E não era de cerveja.
Partilho a história convosco por causa dessa sede.
Ateu do Deus que lhe impingiram à pancada. Um padrasto autoritário e violento, que obrigava a ir à Missa do Galo e à Páscoa, mas que batia na mãe e era mulherengo, mas que todos os dias beijava a imagem da Nossa Senhora “e ficava tudo bem!”.
Para ateu e para primeiro encontro abriu o coração depressa e sem medo.
Repetia sempre o mesmo: “passava a mão na Santa que lá tinha e ficava tudo bem!”
Vi um coração carregado de ódio, de dor, de mágoa, para com o padrasto, mas que acabou por ser canalizada para Deus.
Como não entender? Como não sentir toda aquela raiva acumulada como legítima? E porque não houve força para se defender e parar aquele homem, a fúria canalizou-se para o elo mais fácil: Deus.
Mas há curiosidade. Porque apesar do diz com a boca, os olhos gritam outra coisa. Senti que continua à espera de que Deus viesse salvar a criança que foi, que parasse tudo aquilo.
Impressionou-me que os sentimentos que intui fossem contrários ao discurso.
“Queria muito conhecer-te”. Quis parecer-me que fui o primeiro padre a quem teve oportunidade de falar assim abertamente e de pijama seguramente que foi!
Tenho pensado no encontro e na forma como aceitou o convite para vir jantar no próximo Alpha, o coração procura desesperadamente que lhe mostrem um rosto de Deus diferente.
Falta uma semana para começarmos o Advento. Já ouvimos os sininhos e já me apetecem azevias, e já não se pode ir ao shopping com tanta gente.

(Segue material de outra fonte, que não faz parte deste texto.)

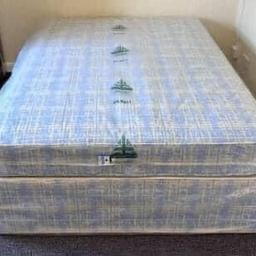 BUDGET 4 FOOT DIVAN BED WITH MATTRESS £150

BUDGET DOUBLE DIVAN BED WITH MATTRESS £150

(Please note the fabric colour will be blue)
Divan bed with budget mattress (no headboard)

B&W BEDS 

Unit 1-2 Parkgate Court 
The gateway industrial estate
Parkgate 
Rotherham
S62 6JL 
01709 208200
Website - bwbeds.co.uk 
Facebook - B&W BEDS parkgate Rotherham 

Free delivery to anywhere in South Yorkshire Chesterfield and Worksop on orders over £100

Same day delivery available on stock items when ordered before 1pm (excludes sundays)

Shop opening hours - Monday - Friday 10-6PM  Saturday 10-5PM Sunday 11-3pm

O Menino vem lá, vai nascer em breve. Rezo para que nasça naquele coração ferido.
Rezo que as nossas comunidades sintam a responsabilidade de serem a presença deste Menino na vida de quem O procura, como quem sacia uma sede que não entende e nem sabe que tem.
Sonho um Natal diferente, especial, frutuoso. Sonho uma comunidade que sabe ser o único catecismo, o único Evangelho que tantas pessoas terão oportunidade de ler, ou, com a graça de Deus, o primeiro!
Sonho uma comunidade que assume ser as mãos e o rosto misericordioso de Deus no século XXI.
Porque, meus amigos, o que não falta por aí é gente com sede de um Deus que nunca ouviu falar.